Underwood v Metro North Hospital and Health Service

Case

[2024] QCATA 88

2 September 2024


QUEENSLAND CIVIL AND
ADMINISTRATIVE TRIBUNAL


CITATION:

Underwood v Metro North Hospital and Health Service [2024] QCATA 88

PARTIES:

HELEN UNDERWOOD

(appellant)

v

METRO NORTH HOSPITAL AND HEALTH SERVICE

(respondent)

APPLICATION NO/S:

APL105 of 2020 & APL153 of 2021

MATTER TYPE:

Appeals

DELIVERED ON:

2 September 2024

HEARING DATE:

18 June 2024

HEARD AT:

Brisbane

DECISION OF:

Judicial Member Forrest SC

ORDERS:

1.     Both appeals, APL105-20 and APL153-21, are dismissed.

CATCHWORDS:

APPEAL AND NEW TRIAL – APPEAL – GENERAL PRINCIPLES – RIGHT OF APPEAL where the appellant  made two appeal applications to the Tribunal – where an appeal to the Tribunal of a decision of the Information Commissioner can only be raised on a question of law – whether appellant is raising any questions of law in decisions appealed from Information Commissioner – appeals dismissed

Information Privacy Act 2009 (Qld) ss 103, 132

Right to Information Act 2009 (Qld) s 90

O’Connor v Department of Child Safety, Seniors and Disability Services [2024] QCATA 34

APPEARANCES & REPRESENTATION:

Applicant:

Self-represented

Respondent:

S Shepherd for the respondent

REASONS FOR DECISION

Some Background

  1. Two appeals brought by the appellant are being determined. At the hearing on 18 June 2024, I directed that the matters be heard and determined together. I have previously heard and determined numerous applications in these appeals.

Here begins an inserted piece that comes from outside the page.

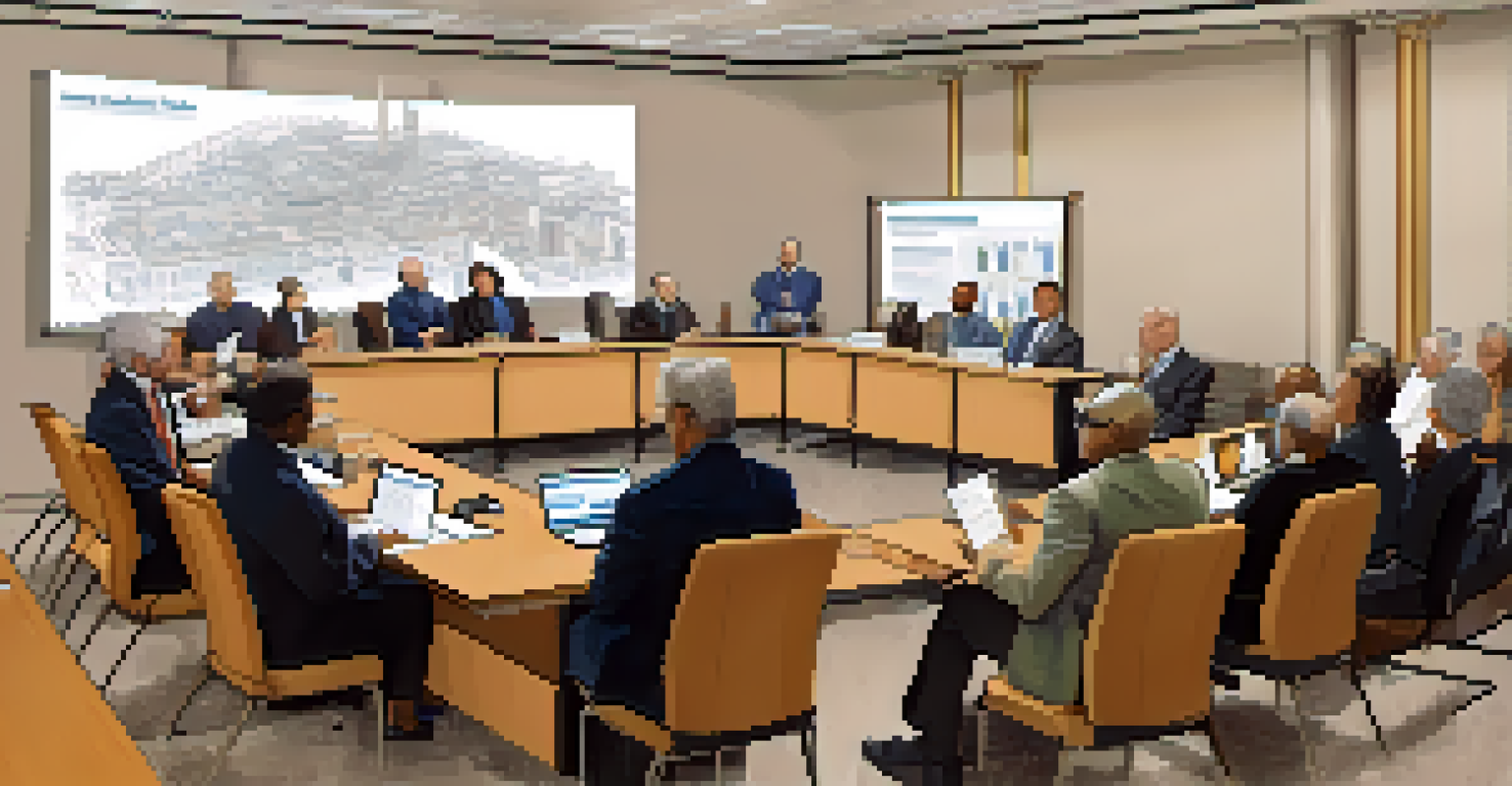 A zoning board meeting with board members at a table discussing a proposed development plan, and community members listening in the audience.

Much of the background to the appeals has been set out in the reasons I have given in disposing of those applications. For context though, I will set out some of those again.

  2. The appellant made two applications to the Metro North Hospital and Health Service (‘Health Service’) for access to documents from her medical records pursuant to the Information Privacy Act 2009. Her applications were determined and she was given access to most of the documents she applied for access to and only partial access to several other pages, with some parts of those pages being redacted. Dissatisfied with that outcome, the appellant applied to the Information Commissioner for external review of the Health Service’s primary decisions. Upon completion of the external reviews, the Information Commissioner affirmed the primary decisions of the Health Service.

  3. The appellant appealed to this Tribunal against both decisions of the Information Commissioner as is her right pursuant to s 132(1) of the Information Privacy Act 2009 (Qld) (‘IP Act’). As can be seen from this Tribunal’s numbering of these Appeals, one was commenced in 2020 and one was commenced in 2021. For various reasons that are not necessary to go into now while disposing of the appeals, the two matters were ultimately listed for hearing on two separate days in June this year. At the commencement of the hearing of the first one on 18 June 2024, the appellant told the Tribunal that she was content for both appeals to be heard on that day. The representative of the respondent agreed with that course being adopted by the Tribunal.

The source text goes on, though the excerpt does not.